Todos os anos, no rescaldo da festa do Rei Momo, jazem nas ruas do Mindelo dragões, animais fabulosos e outras criaturas de encantar.Na véspera, alcandorados em andores colossais, encheram de magia e sonho o nosso imaginário, mas agora jazem inertes. Dos dragões vomitando fogo só restam as carcaças. O gigantismo dos andores alegóricos já não nos causa vertigem sem as rainhas e reis de um dia acenando lá em cima! Das incríveis engenharias que deram asas e movimento aos monstros, só ficarão as engrenagens gangrenadas pela ferrugem. Enfim, tantas maravilhas que, cumprida a sua missão, ei-las agora condenadas aos implacáveis rigores do tempo.

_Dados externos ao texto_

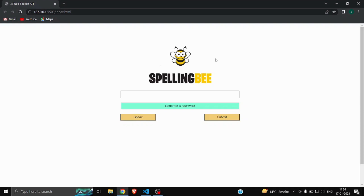As you can see on your screen, there's a spelling bee logo which I have taken from Google. Down here you can see a button which says 'Generate a New Word'. When I click on it, it will speak a particular random word — for example, 'elegy' — so you can hear it and type that word. Let me click again: 'indefatigable'. Whenever you click this, it generates a new random word.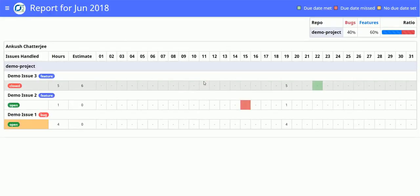Now you will see a monthly report for all the days of that month and how much a user has worked on each issue on each day.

Ao lixo!

Por: David Leite

No dia de Cinzas não vimos um desfile, vimos uma parada de figuras cabisbaixas, moribundas, fantasmas de uma véspera gloriosa que fatalmente acaba em “cinzas”, como todos os anos.

Uma pergunta me invade: o museu do carnaval, é para quando? Tantos plásticos e outros lixos sobrevivendo durante séculos na natureza, e as maravilhas do carnaval condenadas à lixeira? Gente de São Vicente, o que é isso?!

Estou a falar de um museu a sério, não apenas uma sala onde se exponham os trajes mais vistosos. Eu sei, muitos estão a pensar num hangar ou “quintalona” para expor os andores alegóricos…

Mas carnaval não é só andores! E os andores, tal como os trajes, são perecíveis. Todos os anos há mais, sendo certo que não há lugar suficientemente amplo para conservar todas as peças ad eternum. Nesse caso, as peças em exposição seriam renovadas de ano para ano, com as últimas criações ocupando o lugar das peças “caducadas”. Mais vale um andor magnifico sobreviver um ou dois anos do que acabar em “cinzas” na quarta-feira!

Mas, dizia eu, carnaval não é apenas andores. Num museu de carnaval vejo também salões para exposição dos trajes e adereços mais majestosos; uma videoteca, arquivos para os registos magnéticos e audiovisuais (músicas, documentários).

Vejo um museu de carnaval como um espaço interactivo e convivial, em relação dialéctica com o público e os grandes protagonistas da festa do Rei Momo. Vejo-o com uma sala de projecções, conferências e debates para contar a história do carnaval em palavras e imagens. Vejo com bons olhos demonstrações coreográficas e outras atracções. Os turistas haveriam de apreciar.

Vale realçar, a proposito, que o museu do carnaval seria um activo importante a incluir no roteiro turístico. Gerido com inteligência, não seria um ónus para o Estado ou a Câmara, mas uma entidade autosuficiente. Poderia retirar o seu sustento (ou parte dele) das receitas de bilheteira, e ainda agregar os rendimentos de uma esplanada, café ou restaurante. O dinheiro arrecadado seria bem-vindo para outros carnavais.

Mas o mais importante, dinheiro não paga. O museu do carnaval seria, a meu ver, um justo e merecido reconhecimento aos artesãos, costureiras, compositores, músicos e bateristas, enfim todos os artistas e criadores que desde sempre deram vida e cor ao maior espectáculo de rua que temos em Cabo Verde.